→ **Supplied data**:
◆ ◆ ◆ ◆ ◆
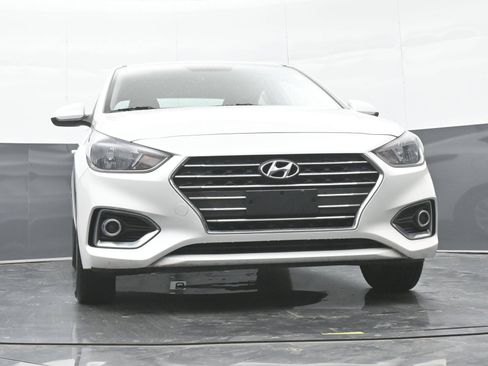 Used 2022 Hyundai Accent SEL FWD image 42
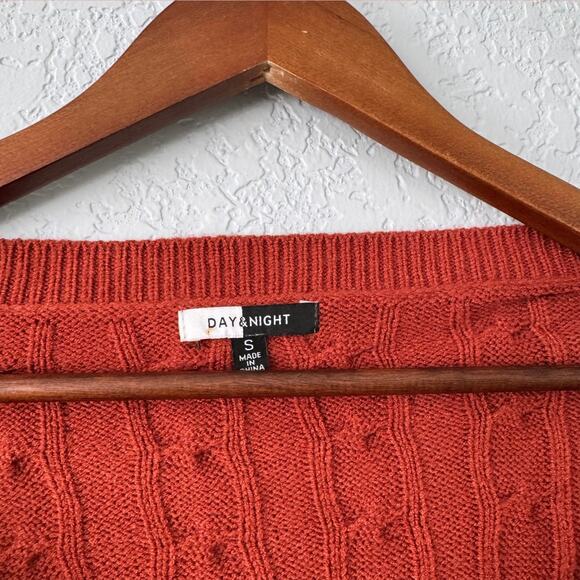 Day & Night Burnt Orange Top and Shorts Knitted Two Piece Set Size Small - Picture 3 of 9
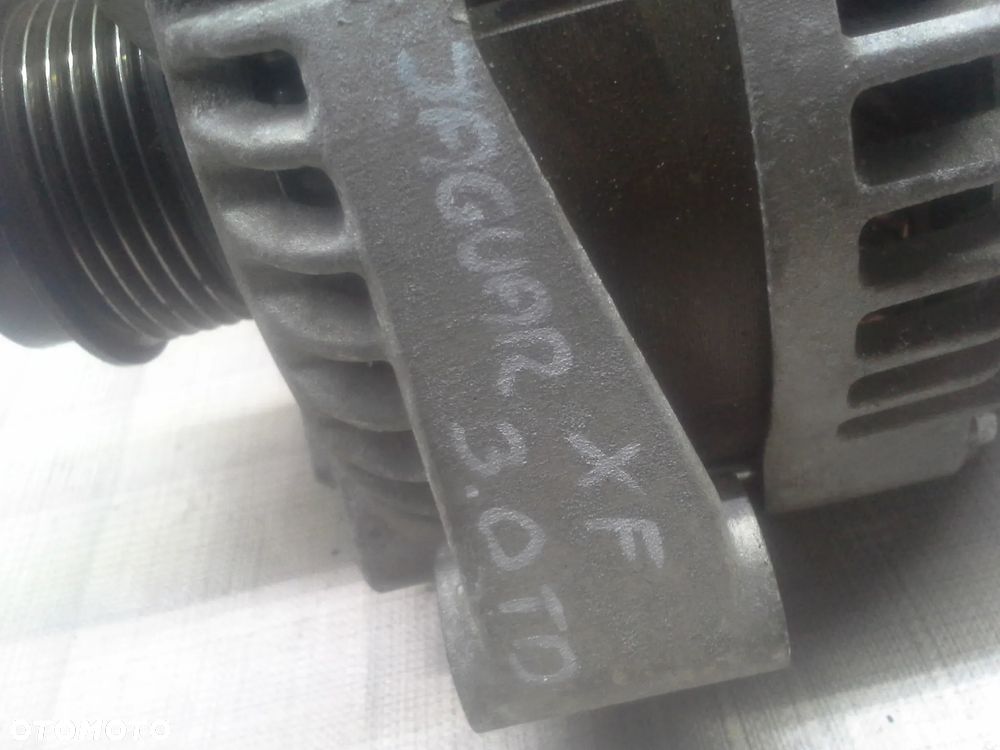 Jaguar XF X250 3.0 TD V6 alternator - 4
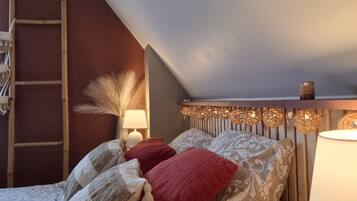 2 bedrooms, desk, iron/ironing board, travel crib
◆ ◆ ◆ ◆ ◆
Once the line containing "Jaguar XF X250 3.0 TD V6 alternator - 4" has been found, write out exactly that line and each one after it through the end of the data, leaving out every picture.

→ **Problem solution**:
 Jaguar XF X250 3.0 TD V6 alternator - 4
 2 bedrooms, desk, iron/ironing board, travel crib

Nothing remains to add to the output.